Steinbrück und die Schulden
Kreis Pinneberg -
Fünf Jahre lang war Peer Steinbrück einst Wirtschaftsminister in Schleswig-Holstein. "Ich kann mich da noch an so manchen Kommunalwahlkampf erinnern", so der Bundesfinanzminister und Vize-Parteichef der SPD. Am Freitagabend kam er nach Pinneberg, um den örtlichen Genossen im aktuellen Kommunalwahlkampf zu helfen. Alle Stühle im Ratssaal waren besetzt - und Steinbrück bewies 90 Minuten lang, dass Finanzen kein dröges Thema sein müssen.

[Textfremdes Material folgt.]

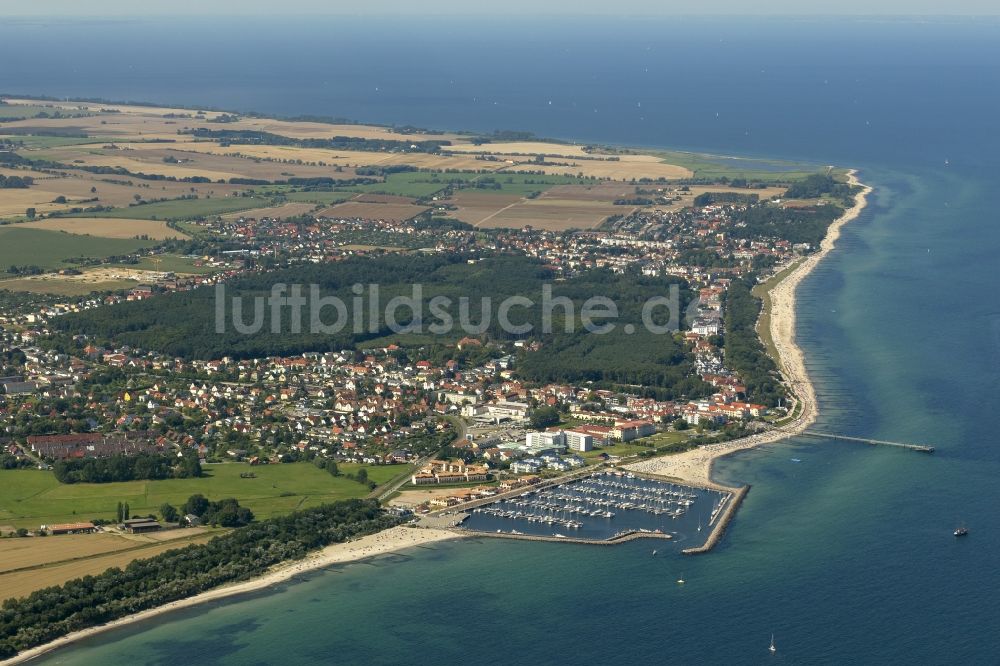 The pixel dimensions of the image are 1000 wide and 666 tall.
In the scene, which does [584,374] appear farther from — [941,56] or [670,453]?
[941,56]

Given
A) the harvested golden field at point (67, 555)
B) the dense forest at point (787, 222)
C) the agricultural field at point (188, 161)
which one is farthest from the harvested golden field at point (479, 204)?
the harvested golden field at point (67, 555)

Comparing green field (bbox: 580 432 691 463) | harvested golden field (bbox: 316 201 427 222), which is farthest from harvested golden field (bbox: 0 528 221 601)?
harvested golden field (bbox: 316 201 427 222)

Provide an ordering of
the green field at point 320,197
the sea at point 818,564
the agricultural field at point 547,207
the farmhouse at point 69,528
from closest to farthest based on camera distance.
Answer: the sea at point 818,564, the farmhouse at point 69,528, the agricultural field at point 547,207, the green field at point 320,197

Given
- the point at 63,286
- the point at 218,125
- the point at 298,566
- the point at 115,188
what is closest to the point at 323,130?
the point at 218,125

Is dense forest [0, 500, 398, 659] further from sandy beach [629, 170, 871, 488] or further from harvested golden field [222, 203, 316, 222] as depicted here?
harvested golden field [222, 203, 316, 222]

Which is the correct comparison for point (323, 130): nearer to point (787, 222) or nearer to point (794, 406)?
point (787, 222)

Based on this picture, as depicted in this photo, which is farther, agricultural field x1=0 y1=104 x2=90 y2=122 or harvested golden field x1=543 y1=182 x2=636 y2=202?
agricultural field x1=0 y1=104 x2=90 y2=122

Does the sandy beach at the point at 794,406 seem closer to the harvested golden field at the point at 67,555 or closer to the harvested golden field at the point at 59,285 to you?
the harvested golden field at the point at 67,555
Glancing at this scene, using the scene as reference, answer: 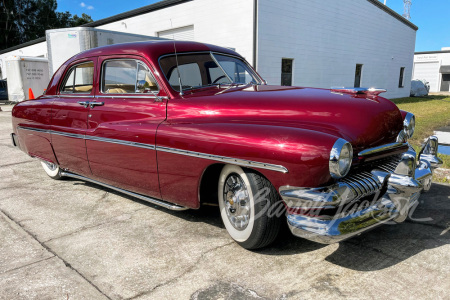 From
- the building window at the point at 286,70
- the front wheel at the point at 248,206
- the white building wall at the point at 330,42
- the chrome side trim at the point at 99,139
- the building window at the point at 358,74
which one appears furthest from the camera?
the building window at the point at 358,74

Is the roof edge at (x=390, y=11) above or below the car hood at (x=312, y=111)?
above

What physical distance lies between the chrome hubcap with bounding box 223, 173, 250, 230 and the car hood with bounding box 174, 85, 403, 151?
47cm

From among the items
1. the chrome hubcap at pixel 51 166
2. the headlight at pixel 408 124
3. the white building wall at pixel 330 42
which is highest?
the white building wall at pixel 330 42

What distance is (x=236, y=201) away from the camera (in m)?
2.67

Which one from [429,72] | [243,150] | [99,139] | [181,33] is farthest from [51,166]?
[429,72]

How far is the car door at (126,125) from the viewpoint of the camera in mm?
3111

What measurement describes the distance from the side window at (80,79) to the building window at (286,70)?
1121 centimetres

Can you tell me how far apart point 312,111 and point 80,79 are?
2.78m

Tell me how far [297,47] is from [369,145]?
42.2ft

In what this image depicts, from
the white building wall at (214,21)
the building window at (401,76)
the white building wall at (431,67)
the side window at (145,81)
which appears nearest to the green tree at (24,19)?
the white building wall at (214,21)

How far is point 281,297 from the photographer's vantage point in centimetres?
210

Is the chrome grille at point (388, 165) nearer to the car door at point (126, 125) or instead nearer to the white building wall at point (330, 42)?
the car door at point (126, 125)

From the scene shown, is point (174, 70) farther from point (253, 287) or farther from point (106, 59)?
point (253, 287)

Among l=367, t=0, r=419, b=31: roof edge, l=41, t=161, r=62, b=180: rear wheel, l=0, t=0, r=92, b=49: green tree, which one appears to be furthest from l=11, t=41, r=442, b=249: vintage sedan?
l=0, t=0, r=92, b=49: green tree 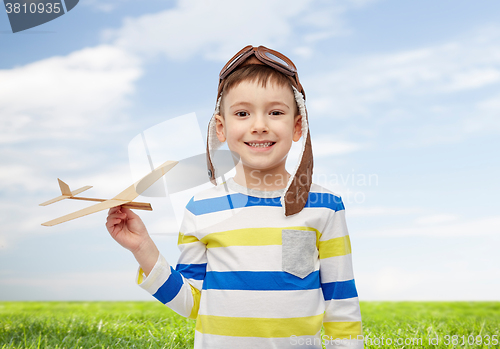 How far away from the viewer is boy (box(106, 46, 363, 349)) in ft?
6.34

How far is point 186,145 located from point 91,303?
488 cm

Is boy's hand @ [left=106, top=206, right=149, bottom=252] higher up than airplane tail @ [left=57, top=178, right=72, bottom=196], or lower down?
lower down

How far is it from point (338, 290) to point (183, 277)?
797mm

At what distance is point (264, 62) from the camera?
2.16 meters

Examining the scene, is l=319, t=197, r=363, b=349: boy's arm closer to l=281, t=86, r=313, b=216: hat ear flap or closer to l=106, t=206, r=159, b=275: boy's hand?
l=281, t=86, r=313, b=216: hat ear flap

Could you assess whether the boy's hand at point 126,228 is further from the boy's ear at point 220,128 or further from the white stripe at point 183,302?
the boy's ear at point 220,128

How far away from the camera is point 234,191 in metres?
2.19

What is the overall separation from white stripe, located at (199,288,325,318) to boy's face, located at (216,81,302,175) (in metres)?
0.64

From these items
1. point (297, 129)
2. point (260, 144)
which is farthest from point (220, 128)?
point (297, 129)

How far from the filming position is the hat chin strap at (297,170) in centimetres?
Answer: 205

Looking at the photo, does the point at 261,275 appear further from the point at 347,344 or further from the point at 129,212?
the point at 129,212

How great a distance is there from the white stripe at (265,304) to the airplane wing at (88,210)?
0.69 m

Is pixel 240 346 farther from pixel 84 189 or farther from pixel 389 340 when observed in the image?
pixel 389 340

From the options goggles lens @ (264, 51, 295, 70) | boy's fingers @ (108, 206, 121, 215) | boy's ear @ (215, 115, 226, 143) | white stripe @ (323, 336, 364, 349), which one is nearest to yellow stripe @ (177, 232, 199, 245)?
boy's fingers @ (108, 206, 121, 215) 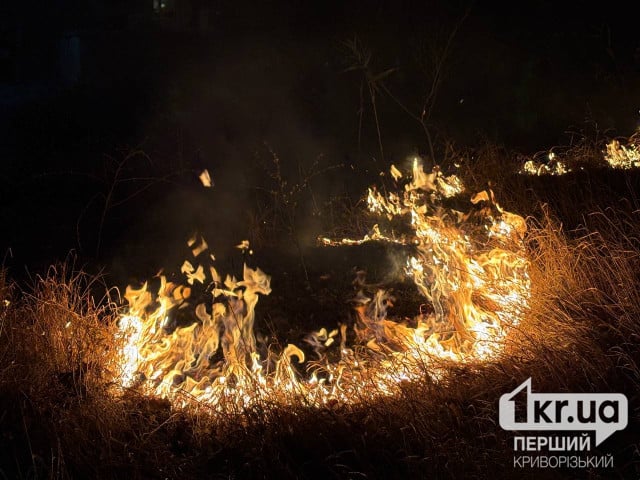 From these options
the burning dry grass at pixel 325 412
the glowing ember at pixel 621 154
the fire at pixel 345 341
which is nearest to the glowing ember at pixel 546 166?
the glowing ember at pixel 621 154

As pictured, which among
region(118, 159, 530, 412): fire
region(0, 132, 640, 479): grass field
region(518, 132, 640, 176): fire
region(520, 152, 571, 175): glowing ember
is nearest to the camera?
region(0, 132, 640, 479): grass field

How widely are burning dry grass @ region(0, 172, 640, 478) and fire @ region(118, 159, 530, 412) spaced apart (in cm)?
12

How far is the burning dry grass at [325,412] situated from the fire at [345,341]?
12cm

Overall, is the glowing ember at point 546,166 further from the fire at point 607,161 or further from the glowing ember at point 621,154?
the glowing ember at point 621,154

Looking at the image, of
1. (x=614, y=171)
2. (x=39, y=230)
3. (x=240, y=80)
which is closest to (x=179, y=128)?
(x=240, y=80)

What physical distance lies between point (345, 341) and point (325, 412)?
53.7 inches

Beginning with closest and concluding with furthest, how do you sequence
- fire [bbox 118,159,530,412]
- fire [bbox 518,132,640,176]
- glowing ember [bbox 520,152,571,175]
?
fire [bbox 118,159,530,412], fire [bbox 518,132,640,176], glowing ember [bbox 520,152,571,175]

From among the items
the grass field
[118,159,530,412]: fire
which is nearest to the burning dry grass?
the grass field

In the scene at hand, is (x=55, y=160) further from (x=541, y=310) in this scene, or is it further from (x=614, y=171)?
(x=541, y=310)

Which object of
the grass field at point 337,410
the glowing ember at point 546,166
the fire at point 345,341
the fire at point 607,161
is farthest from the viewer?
the glowing ember at point 546,166

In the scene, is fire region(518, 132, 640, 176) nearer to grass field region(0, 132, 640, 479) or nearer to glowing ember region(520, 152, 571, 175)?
glowing ember region(520, 152, 571, 175)

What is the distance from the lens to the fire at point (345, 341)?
386 cm

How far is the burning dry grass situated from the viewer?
3.11 metres

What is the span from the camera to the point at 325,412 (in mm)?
3537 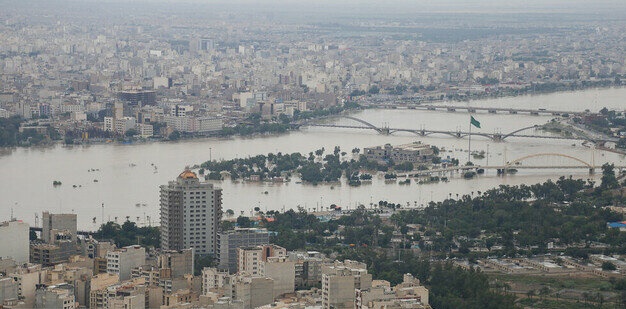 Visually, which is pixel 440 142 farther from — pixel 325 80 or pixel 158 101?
pixel 325 80

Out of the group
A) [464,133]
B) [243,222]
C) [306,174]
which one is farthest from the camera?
[464,133]

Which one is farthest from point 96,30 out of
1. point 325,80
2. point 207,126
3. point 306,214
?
point 306,214

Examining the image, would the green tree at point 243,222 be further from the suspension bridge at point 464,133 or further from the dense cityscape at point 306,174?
the suspension bridge at point 464,133

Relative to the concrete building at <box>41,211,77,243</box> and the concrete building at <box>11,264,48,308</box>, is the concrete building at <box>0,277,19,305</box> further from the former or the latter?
the concrete building at <box>41,211,77,243</box>

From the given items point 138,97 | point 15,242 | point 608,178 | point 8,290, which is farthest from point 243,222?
point 138,97

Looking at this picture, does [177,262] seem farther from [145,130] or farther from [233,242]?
[145,130]

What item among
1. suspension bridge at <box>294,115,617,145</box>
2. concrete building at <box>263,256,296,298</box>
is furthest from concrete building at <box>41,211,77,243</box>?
suspension bridge at <box>294,115,617,145</box> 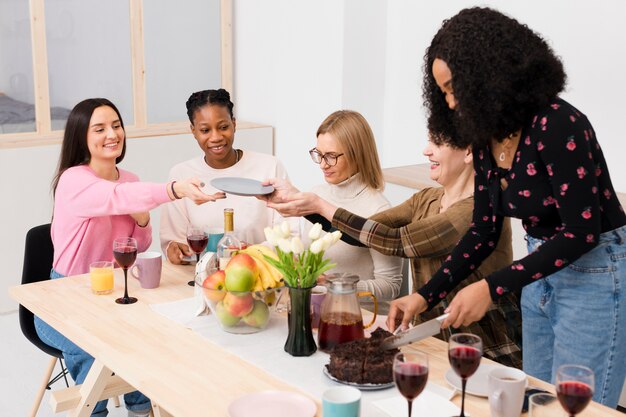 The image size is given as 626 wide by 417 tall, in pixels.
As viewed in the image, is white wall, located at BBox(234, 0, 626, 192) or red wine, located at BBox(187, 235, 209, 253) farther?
white wall, located at BBox(234, 0, 626, 192)

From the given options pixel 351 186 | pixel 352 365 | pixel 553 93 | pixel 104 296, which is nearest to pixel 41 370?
pixel 104 296

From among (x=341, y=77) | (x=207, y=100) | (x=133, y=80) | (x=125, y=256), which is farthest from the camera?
(x=133, y=80)

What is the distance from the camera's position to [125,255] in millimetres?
2395

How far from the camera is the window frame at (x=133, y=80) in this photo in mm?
4656

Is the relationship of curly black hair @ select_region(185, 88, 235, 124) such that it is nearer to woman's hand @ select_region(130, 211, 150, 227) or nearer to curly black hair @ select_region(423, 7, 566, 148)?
woman's hand @ select_region(130, 211, 150, 227)

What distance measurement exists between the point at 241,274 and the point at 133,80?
3.41 meters

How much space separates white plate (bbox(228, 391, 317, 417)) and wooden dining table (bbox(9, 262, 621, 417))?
0.03 metres

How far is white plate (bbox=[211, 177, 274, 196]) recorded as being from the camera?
8.16ft

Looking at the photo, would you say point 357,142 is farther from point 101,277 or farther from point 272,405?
point 272,405

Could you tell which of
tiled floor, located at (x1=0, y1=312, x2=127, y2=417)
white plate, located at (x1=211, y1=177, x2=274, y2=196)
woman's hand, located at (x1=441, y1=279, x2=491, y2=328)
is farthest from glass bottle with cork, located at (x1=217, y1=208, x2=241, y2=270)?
tiled floor, located at (x1=0, y1=312, x2=127, y2=417)

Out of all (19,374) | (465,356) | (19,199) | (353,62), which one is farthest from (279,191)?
(353,62)

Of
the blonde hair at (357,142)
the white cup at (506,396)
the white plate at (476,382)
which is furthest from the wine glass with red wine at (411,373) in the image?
the blonde hair at (357,142)

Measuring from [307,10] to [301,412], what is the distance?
3.80 meters

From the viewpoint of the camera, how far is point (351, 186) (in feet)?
9.39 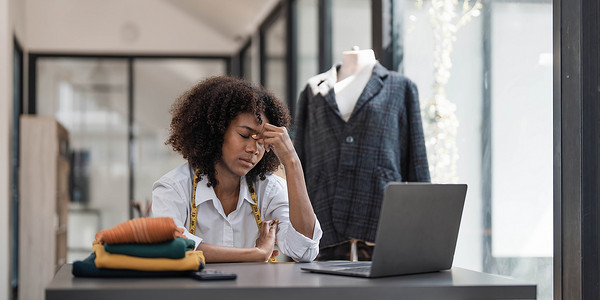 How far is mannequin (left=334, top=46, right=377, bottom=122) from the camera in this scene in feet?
9.75

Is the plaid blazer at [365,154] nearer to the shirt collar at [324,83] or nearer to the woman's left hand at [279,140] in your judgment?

1,6 Billionen Euro Schulden drücken die Bundesrepublik. "Jeder hier im Saal steht mit dem Wert eines Mittelklassenwagens in der Kreide", so der Minister. Leidenschaftlich plädierte er dafür, den Weg der Rückführung der Verschuldung weiterzugehen. "Ich fühle mich dem Ziel verpflichtet, bis 2011 einen ausgeglichenen Haushalt vorzulegen." Derzeit würden im Bundeshaushalt jährlich 40 Milliarden Euro für Zinsen ausgegeben - bei einem Haushaltsvolumen von 280 Milliarden Euro. Vorher brauche man aus seiner Sicht über Steuersenkungen nicht zu reden.
Auch eine Erhöhung von Kindergeld oder Kinderfreibeträgen lehnt der SPD-Politiker ab. "Es ist die Frage, ob es nicht besser ist, mit dem Geld die Betreuungssituation zu verbessern als die Transferleistungen zu erhöhen." Ein Beispiel: Neun Euro Kindergelderhöhung pro Monat - "das sind auch zwei Packungen Zigaretten, drei Pils oder eine Flasche Schnaps".
Deutschland brauche schnellstmöglich einen gestalterischen Finanzspielraum, um die Bildungschancen für alle Generationen zu verbessern, die Mittelstandsförderung zu intensivieren sowie die Infrastruktur weiter auszubauen. Steinbrück betonte, dass sich seine Partei weiterhin dem sozialen Gedanken verpflichtet fühle und auch in der Großen Koalition viele Verbesserungen durchgesetzt habe - etwa die Bereitstellung von vier Milliarden Euro für Ganztagsschulen.
Geduldig beantwortete der 61-Jährige im Anschluss Fragen aus dem Publikum. Nur einmal verweigerte er die Auskunft - als jemand zu wissen begehrte, wann aus dem Bundesfinanzminister der Bundeskanzler wird . . .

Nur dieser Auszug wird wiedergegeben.